La nueva Heimaey, trazada con escuadra y cartabón, es una cuadrícula de calles amplias en las que se disponen hileras de casas bajas. Un gran barrio residencial, ordenado y tranquilo. Un pueblo que parecería el más sosegado del mundo si no fuera por una peculiaridad: está rodeado por volcanes y asentado sobre una llanura que, en cualquier momento, puede abrirse y devorarlo. Heimaey es pura testarudez islandesa, puro empeño de dignidad. En 1973 los vecinos retiraron las cenizas a golpe de pala y reconstruyeron una ciudad modélica sobre las ruinas devoradas por una lava aún caliente. Incluso aprovecharon los ardores del volcán recién nacido para calentar agua y lograr calefacción gratis en las nuevas casas. Heimaey es la persistencia del orden, de la disciplina, del trabajo, de la alegría, en medio de la naturaleza más hostil. “Los años de la reconstrucción fueron muy emocionantes”, recuerda el marino Siggi. “Todo el pueblo trabajó codo con codo, incluso vinieron voluntarios de 19 países para echar una mano. También  organizamos fiestas y conciertos en los que participaba la gente del pueblo, para descansar y divertirnos”. En el verano de aquel trágico año, entre ruinas y escombros, los vecinos montaron en el teatro del pueblo un musical titulado Oklahoma. Una historia de colonos, como ellos. De colonos optimistas pero no ilusos: en algunas esquinas de Heimaey se levantan pequeños montones de piedras volcánicas del tamaño de melones que bombardearon el pueblo durante la erupción. Son escultura… y recordatorio.

Cabezas de bacalao

Damos la vuelta a la isla bordeando los acantilados, una caminata de cuatro horas. Pronto nos envuelve la niebla, cae un aguacero y sopla un ventarrón que lanza la lluvia en horizontal y nos hace tambalearnos a cada paso: la jornada ideal para una típica excursión islandesa. Heimaey es el lugar más ventoso del país, que ya es decir, y uno de los más lluviosos, así que no tiene sentido esperar al buen tiempo ni enfadarse por el malo. Sólo cabe consolarse con que otros lo pasaron bastante peor en este mismo sitio.

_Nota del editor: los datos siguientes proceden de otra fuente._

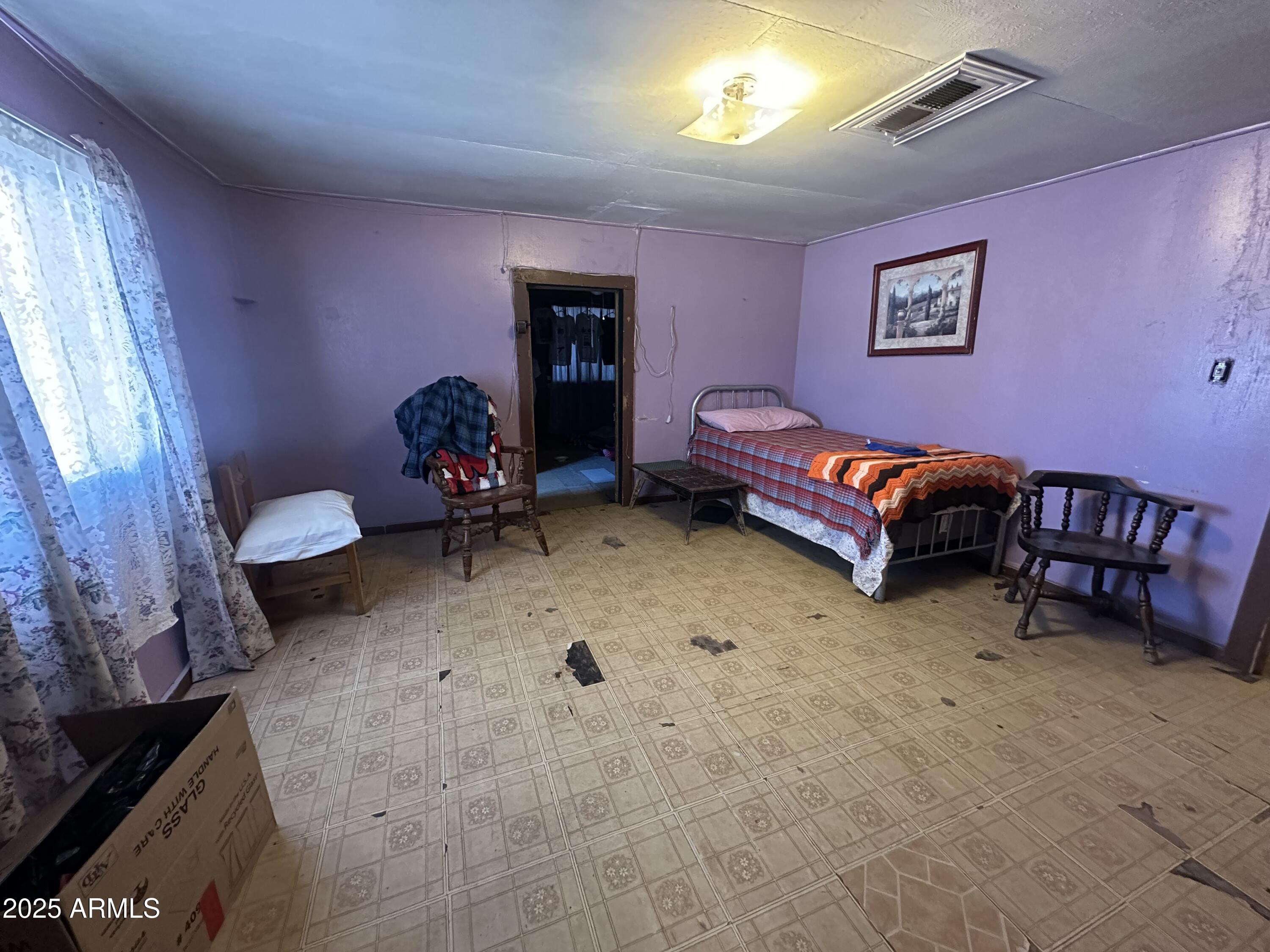 505 North D Street Eloy, AZ 85131 - Photo 16 of 25 a living room with furniture and a window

Una placa lo recuerda: en estos acantilados se refugiaron los pocos vecinos que escaparon a la invasión de piratas argelinos en 1627. Los atacantes desembarcaron, dispararon, quemaron, robaron, violaron, asesinaron a 36 personas y secuestraron a 242. Vendieron a las mujeres como esclavas sexuales en el norte de África y obligaron a los hombres a trabajar con ellos en las siguientes campañas de piratería. Al cabo de los años sólo 13 de los secuestrados regresaron a Heimaey. Allí seguía viviendo un grupo aterrorizado de unos 100 vecinos, los que huyeron de los piratas descolgándose por los precipicios costeros y refugiándose durante días en las cavidades donde secaban el pescado.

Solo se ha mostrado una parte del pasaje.